|Body Type||:||Folding Strut|
|ImageSize||:||38 x 28 mm|
|Lens Type||:||Ilex Achromar|
|Focal Range||:||0.5m - inf.|
|Shutter Speeds||:||T, I*(1/100 sec)|
|Size Closed (w x h x d)||:||87 x 160 x 35 mm|
|Size Open (w x h x d)||:||87 x 160 x 134 mm|
|* - measured on this camera|
Art Deco Credentials
Significant: Pronounced and self evident
- Produced during the main Art Deco period.
- Cast stepped feature around viewfinder.
- Lined and stepped pattern on front plate.
- Brass front plate
- Metal struts with some chrome rivets.
- Curved body design.
The Universal Camera Corporation of New York City, New York was a successful low-priced camera manufacturer during the 1930s and 40s. The Univex AF series of miniature folding cameras were introduced in 1935. By 1937, over a million Model AF folders had been sold. This camera is the AF-5 model and was the last in the series. It is distinguished by large knurled brass front lens bezel and the stepped feature surrounding the viewfinder.
This camera is designed for either vertical or horizontal format pictures using either the vertical wire frame finder or the horizontal optical viewfinder.
This is so small, it fits easily in the palm of the hand. The body is made of cast metal, the struts are aluminum and the front plate is brass. The bellows are made of paper. The AF-5 has a simple, fixed aperture lens. The shutter has settings for instantaneous, marked as 'SNAP', and time exposure, marked as 'TIME'. There is a tab below the lens plate to change the shutter setting. A wire frame viewfinder can be pulled out of the lens board and is used in conjunction with a rectangular hole cast into the top of the body. A red window is used to count exposures. There is no tripod mount.
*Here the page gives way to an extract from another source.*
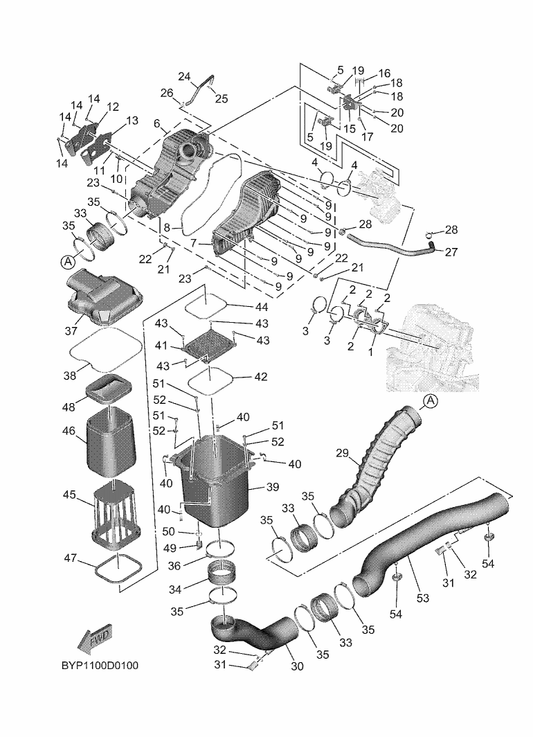 Yamaha BYP-E443L-00 Duct, Air — shown on the Intake parts diagram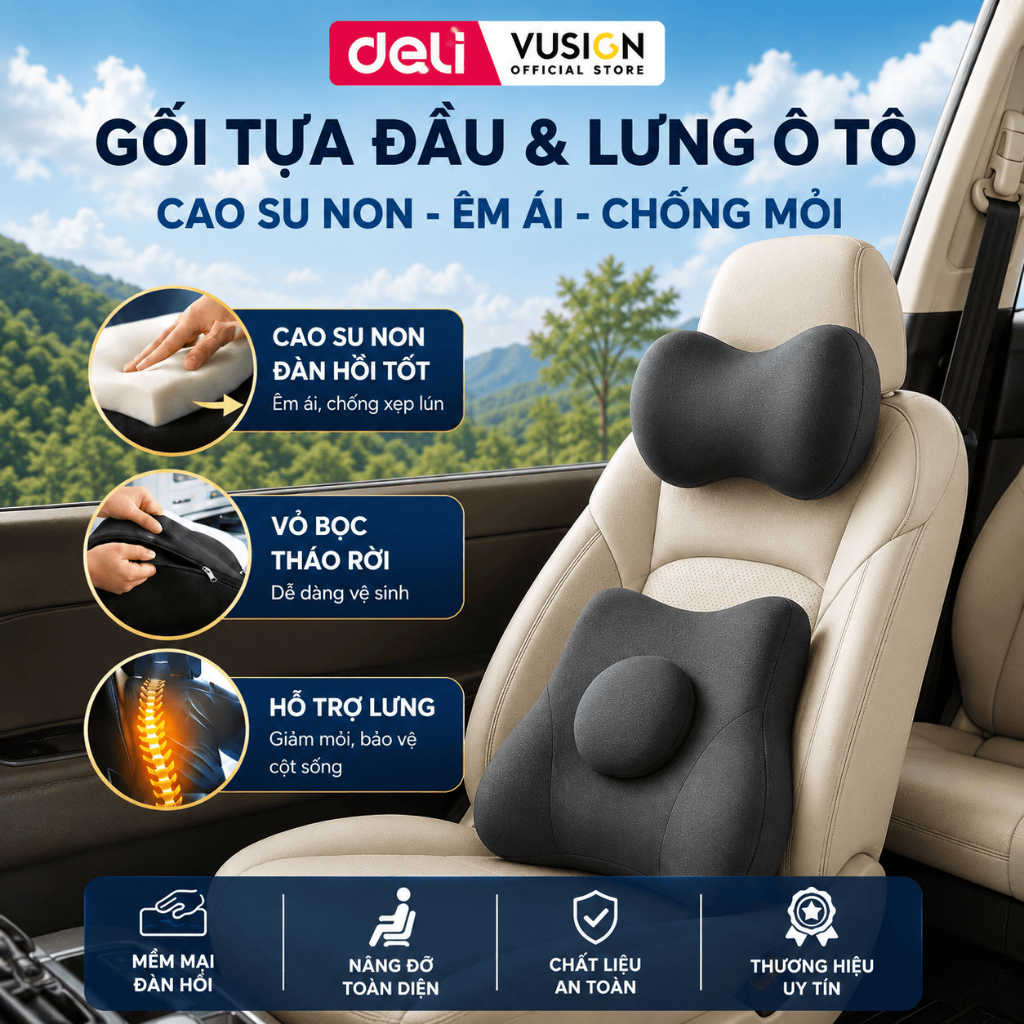 Gối tựa đầu và gối tựa lưng ô tô cao su non Deli đàn hồi chống mỏi cổ, giảm đau vai gáy, dễ dàng vệ sinh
This camera requires Univex #00 film which is wound on spools with a special 'V' shaped key for turning.
How to Use
Find the manual here:- Univex AF-5 manual
The camera takes Univex No.00 film which is only available as expired film. Expired film normally needs to be overexposed by 1 stop/decade for colour film or 1 stop per 2 decades for B&W. As there is no way to adjust the exposure, it is unlikely to be successful.
35mm film is too wide for the spools.
You can cut down 120 film but you will probably have to develop the film yourself.
Looks like this is a 'shelf sitter' for me I'm afraid.